When Aaron Jones crossed the goal line early in the second quarter, capping a 75-yard drive that gave Green Bay a 14-7 lead at Minnesota, the Packers again put themselves in favorable position for a victory on the road against a winning team.
That's a formula coach Mike McCarthy's backsliding bunch has yet to figure out this year.
Unlike so many of his past teams with Aaron Rodgers at the helm, these Packers just keep on stumbling down the stretch. Now they'll probably need a perfect finish to squeeze into the playoffs.
Kirk Cousins passed for 342 yards and three touchdowns without a turnover for the Vikings, who overtook the depleted Packers for a 24-17 victory on Sunday .
"We'll see what we're made of for the last five weeks," Rodgers said. "Are we going to stick together through these tough times, or are we going to start splintering? I'd like to think that the leadership is in place that we can stick together through whatever happens, but these five weeks will show it."

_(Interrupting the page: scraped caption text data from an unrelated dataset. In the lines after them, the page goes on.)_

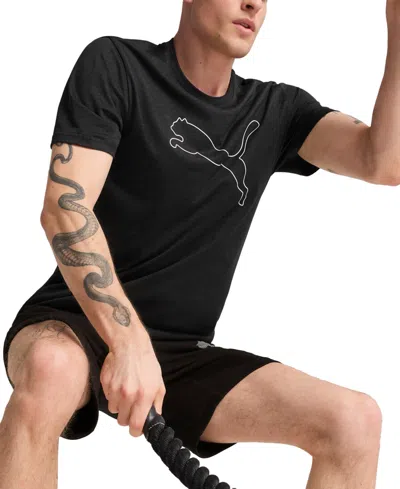Puma Men's Performance Cat Logo Graphic Training T-shirt In Black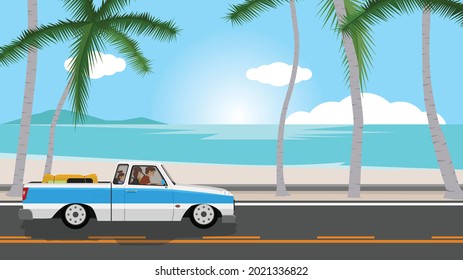 Happy family travels with a classic pickup truck. Carrying a truck full of luggage for travel. On the asphalt road near the sea beach lined with rows of coconut trees. background of sea under sky.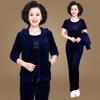 Traje deportivo de terciopelo dorado para mujeres de mediana edad y ancianas, abrigo de primavera y otoño, estilo occidental, talla grande, suéter de terciopelo para mamá, ropa casual para estar en casa
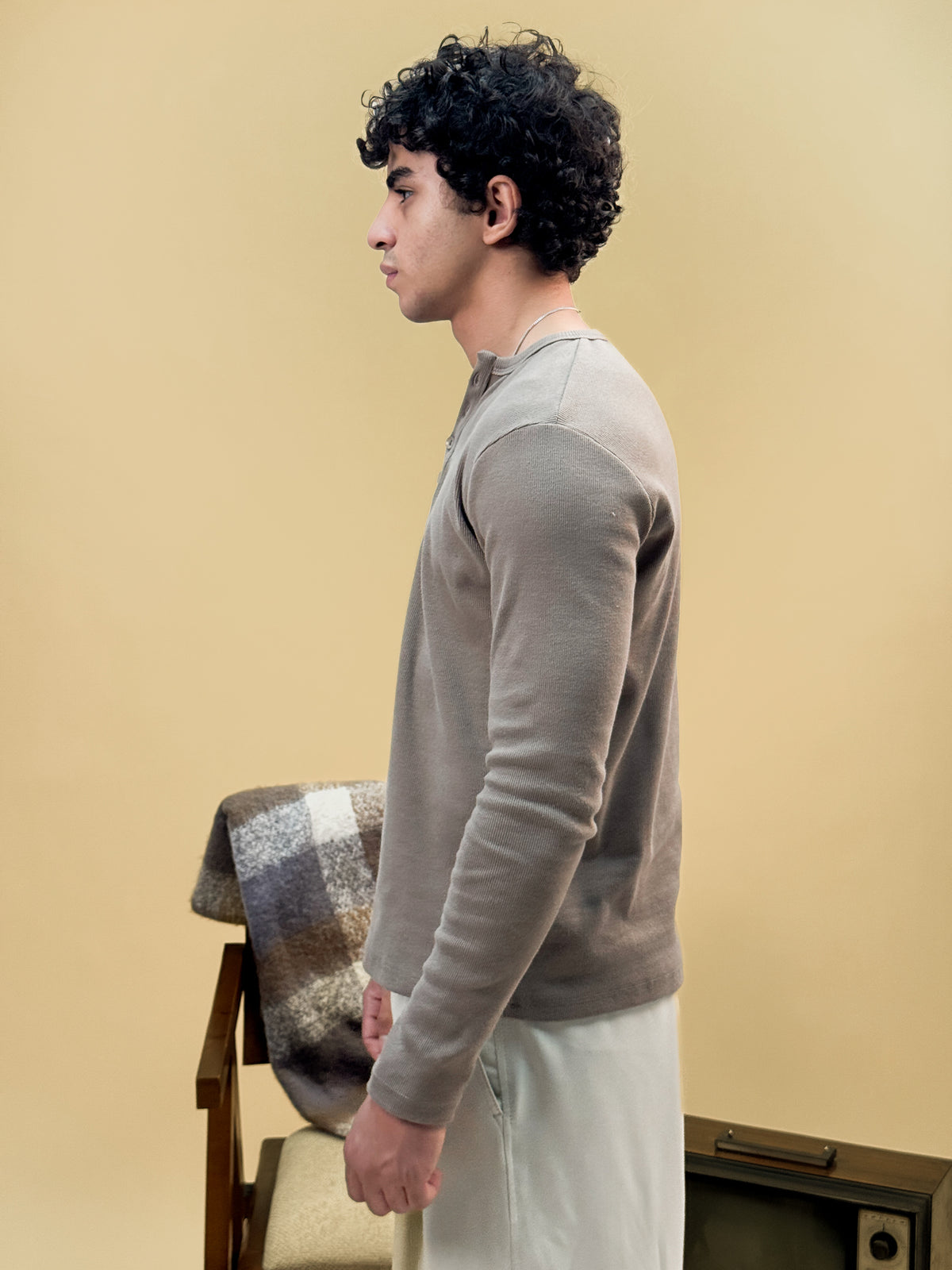 Misfits Waffle Henley - Brown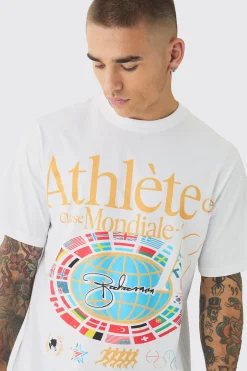 Athlete Printed T-Shirt | UK^boohooMAN New
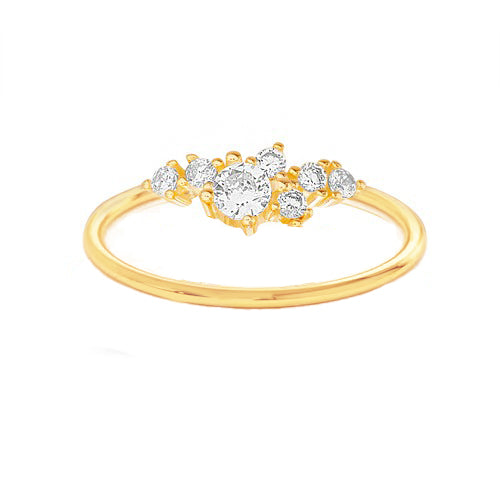 Anillo de cluster de zirconias dorado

The Packers went three and out on their first possession, only because Davante Adams accidentally stepped out of bounds before making what would've been a chain-moving catch on third down. Then Rodgers finished the second drive with a vintage back-shoulder touchdown throw to Adams , before Jones raced around left end on a crack toss sweep that Vikings coach Mike Zimmer said afterward was a perfect call for the defensive play he had dialed up.
But the Packers went three-and-out the next time they had the ball and didn't score again until a field goal with 2:20 left in the fourth quarter. Over their final seven possessions, they punted five times and had a turnover on downs when Jones was stopped on fourth-and-inches midway through the third quarter at their 44-yard line. On that final drive, Adams had what would've been a touchdown catch on third-and-1 at the 20 slip through his hands.
"Our third down has been our black eye," McCarthy said.
The Packers (4-6-1) fell into 10th place in the NFC. They were beaten up, mentally and physically, by this five-game slog with losses on the road against the Rams (10-1), Patriots (8-3), Seahawks (6-5) and Vikings (6-4-1) when they were either tied or leading as late as the third quarter in each of those four games.
The schedule softens, with four losing teams on the slate: home games against the Cardinals (2-9), Falcons (4-7) and Lions (4-7) and a trip to play the Jets (3-8) following a rematch with the NFC North-leading Bears (8-3) on the road. There's a legitimate question, though, about whether the Packers have enough steam left to win out like they did in 2016 with six straight victories to win the division at 10-6 and reach the NFC championship game.
"I knew we had a tough stretch. Four really tough places to play," Rodgers said. "I didn't think we'd go 1-4 on that stretch, but that's where we're at. We're here: 4-6-1. We have to win our last five, and even that might not be enough."
This will be the first time since Rodgers took over as the starter in 2008 that the Packers don't reach double-digit wins in the regular season when Rodgers doesn't miss any games to injuries. They were 7-9 in 2017 and 8-7-1 in 2013 when Rodgers broke his collarbone. They were 6-10 in 2008.
The injuries are the most tangible reason why the Packers might not be able to recover to reach the playoffs this year. Already missing several starters, they saw left tackle David Bakhtiari, left guard Lane Taylor, wide receiver Equanimeous St. Brown, wide receiver/kick returner Trevor Davis and safety Kentrell Brice all leave the game with injuries.
The Packers, though, have been missing that mojo they've had so often in the Rodgers era all year long. This was their season low in points (14) and yards (254).
"Sitting on the sideline, we kept asking ourselves why we're so unlucky," said Jones, who had 93 total yards on 20 touches.
He added: "You can tell the guys in this locker room want it. We want it more than anyone else, and we're right there each and every game, but it feels like it gets taken from us."